French-British Relations in Rhythm

For this assignment, I found a piece published in Rhythm in Vol. 1 No. 3 during Winter 1911. It's on page 32 and it's titled "Railway Vision" by Arthur Crossthwaite.


First of all, before I comment on this specific piece, I would like to point out that there are French phrases scattered throughout this issue of the magazine and an entire poem published in French on page 10 called "Petite Poème." This in an of itself says something to me about the relations between France and Britian, that a magazine published in London still includes things that I assume are for French readers since many Brits wouldn't know French.

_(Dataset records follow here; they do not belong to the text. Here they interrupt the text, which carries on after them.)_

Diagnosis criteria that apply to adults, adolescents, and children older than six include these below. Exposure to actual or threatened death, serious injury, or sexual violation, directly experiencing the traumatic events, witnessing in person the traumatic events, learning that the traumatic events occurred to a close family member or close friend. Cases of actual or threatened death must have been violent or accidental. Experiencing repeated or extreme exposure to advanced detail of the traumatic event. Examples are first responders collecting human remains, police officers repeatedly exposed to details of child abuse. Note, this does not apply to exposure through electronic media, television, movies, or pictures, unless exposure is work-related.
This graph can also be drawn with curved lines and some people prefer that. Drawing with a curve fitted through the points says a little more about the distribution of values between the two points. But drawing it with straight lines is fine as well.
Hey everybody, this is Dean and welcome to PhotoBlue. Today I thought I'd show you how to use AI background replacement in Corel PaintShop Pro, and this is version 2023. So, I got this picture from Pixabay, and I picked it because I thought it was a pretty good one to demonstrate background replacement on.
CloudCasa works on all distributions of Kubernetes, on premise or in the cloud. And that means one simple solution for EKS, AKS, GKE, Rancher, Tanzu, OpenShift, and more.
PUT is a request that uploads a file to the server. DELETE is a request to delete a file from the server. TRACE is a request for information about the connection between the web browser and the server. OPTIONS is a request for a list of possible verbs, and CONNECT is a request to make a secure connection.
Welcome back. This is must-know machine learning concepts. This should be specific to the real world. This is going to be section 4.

Likewise, by including a poem entirely in French without any translation or explanation of it in English, it's almost as though it is solely for an inclusion of a French audience.

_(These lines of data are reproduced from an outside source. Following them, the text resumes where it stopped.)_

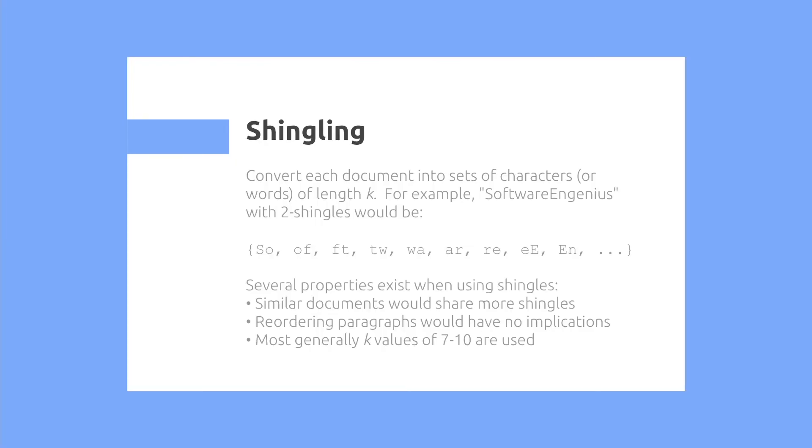So let's look at shingling. The first step is we convert each document into sets of characters or words of length k. For example, software and genius with two shingles would be the following. Several properties exist when using shingles. Similar documents would share more shingles together, and re-ordering paragraphs would have no implications. More generally, we use k values of 7 to 10.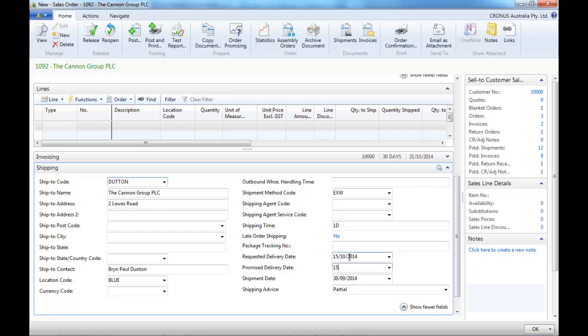If we have some information at that point for when the customer wants to receive it, we can enter it.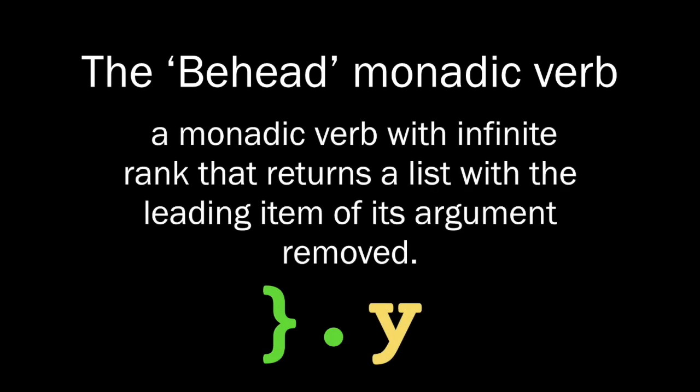The behead monadic verb, a monadic verb with infinite rank that returns a list with a leading item of its argument removed. Hopefully, after seeing some of these examples, that definition may make a bit more sense to you.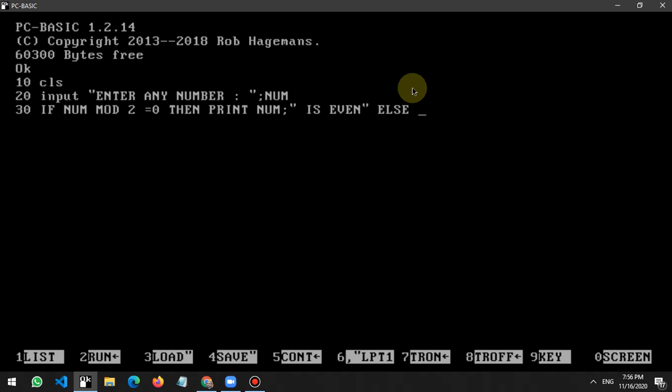We write the number is even. Or if it is not zero, means the number could be other than zero, then print...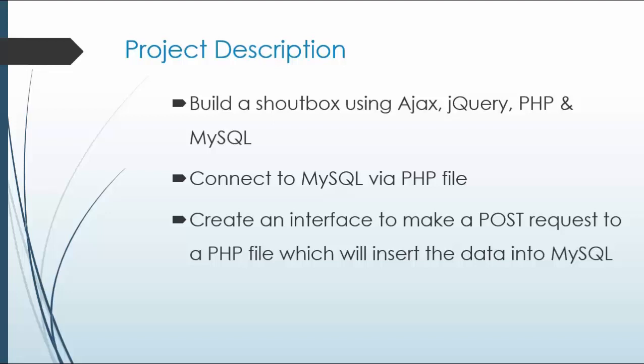We'll be able to connect to a MySQL database through a PHP file, and we're going to create an interface to make a POST request to a PHP file, which will then insert the data into MySQL.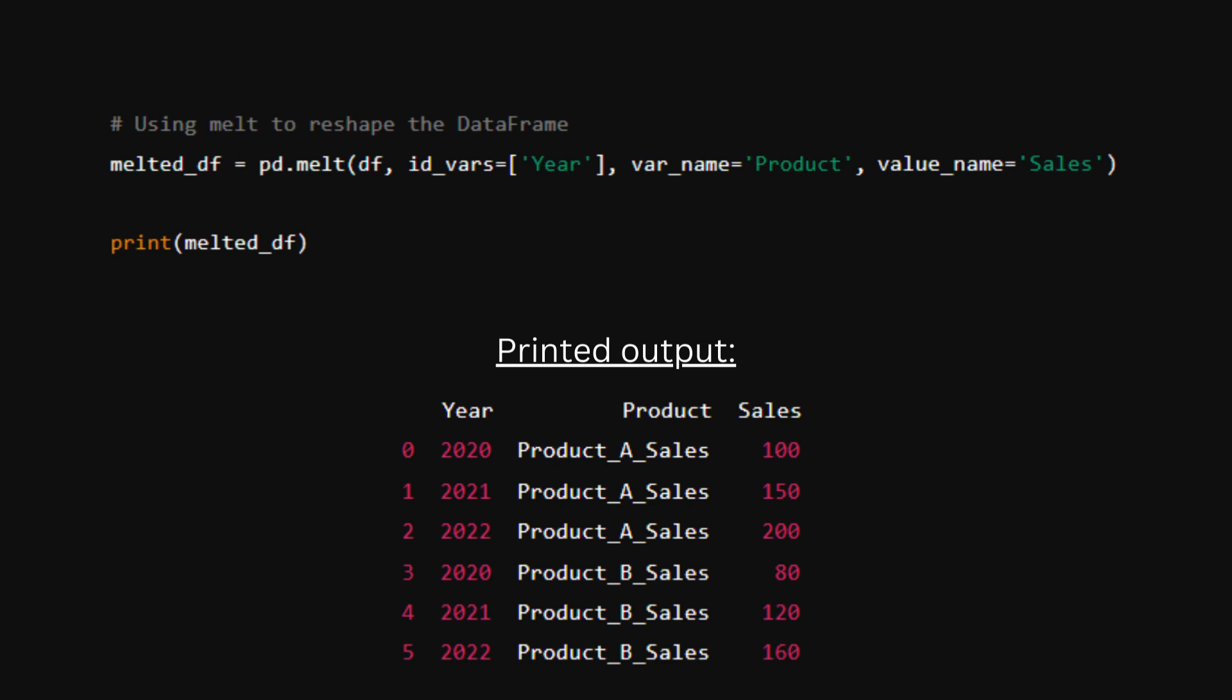And last, value name is sales. This sets the name for the new column that will hold the values from the original data frame. And we're calling it sales.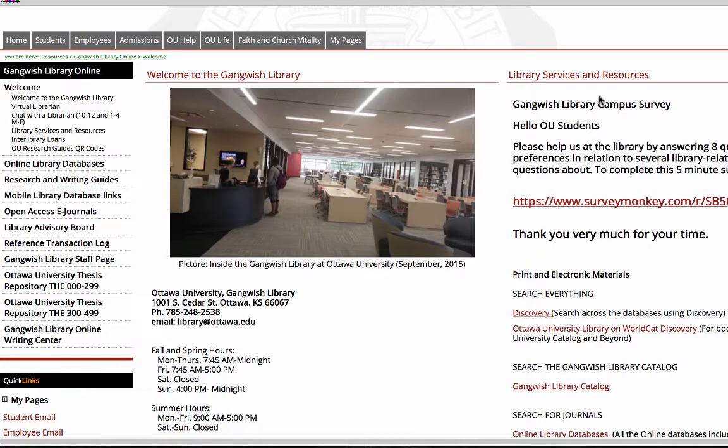English Library Online provides many different search tools to help you find just the right articles for your online course that you're developing. The easiest way to search their resources is through the Discovery Search tool.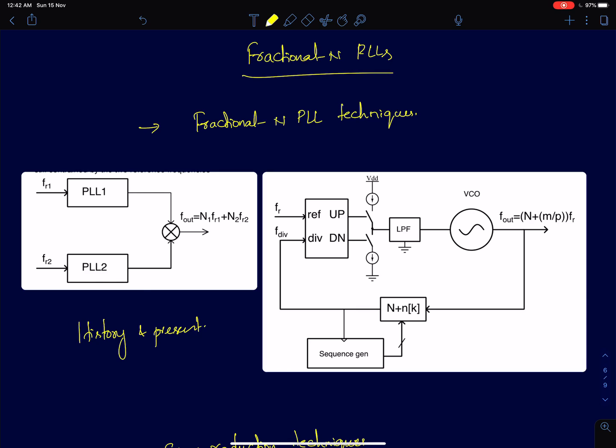I will talk more about this when I discuss the history of PLLs. There is a classic problem of bandwidth versus frequency spacing in integer-N phase lock loops, and that problem is very cleverly resolved in fractional-N PLLs.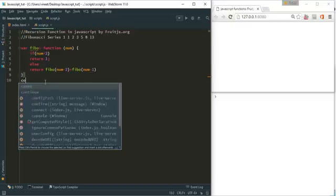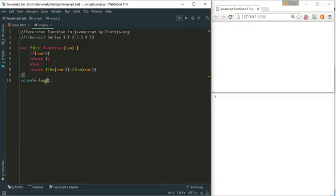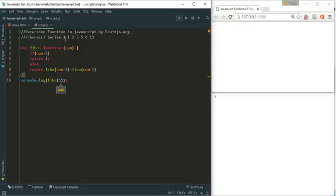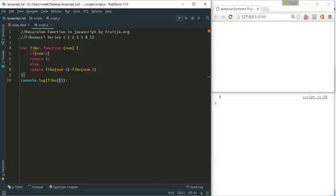Now we call and print the output. For input 5, the fifth Fibonacci number should be 8, and that is indeed the output — 1, 1, 2, 3, 5, 8. If we print for 6, the output will be 13, so it works correctly.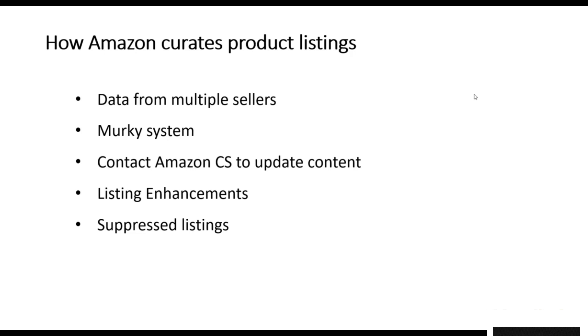As Amazon is a catalog system, it uses data from multiple sellers to compile its listings. It does this in a rather opaque and murky way.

But for the specific piece of "Railway Vision," one of the lines towards the beginning really stuck out to me. It says, "In Paris one talks and talks, in London one dreams and does." This line strikes me as giving an attitude of the time of how British people thought of Parisians- that they are simply all talk and no action. But as the piece continues, I got a little lost in the monologue of the author. It's almost as though he claims that London is where dreams can take place, in the beginning, but then he changes his mind during the course of the piece as he talks about art and the ability of an artist to do as he pleases. One of the last lines says, "And that phrase, 'The Art of Essentials' set me dreaming again of Paris and café-talks, and I saw vague ideal visions of a misty future, until the rasp of breaks and a hoarse 'Victoria!" brought me back to reality and London." So this last sentence is in direct contrast from the start of the piece and I particularly think it's amusing that at the beginning she said that in Paris you can only talk but in London you can dream, and then once she's back in London, she's dreaming about the café talks in Paris. I think in terms of relations between the two cities, this idea can offer some of the mutual fascination between the two cities. The two cultures are interested by one another and try to include one another, as shown in this piece and the inclusion of other French phrases and works in this issue.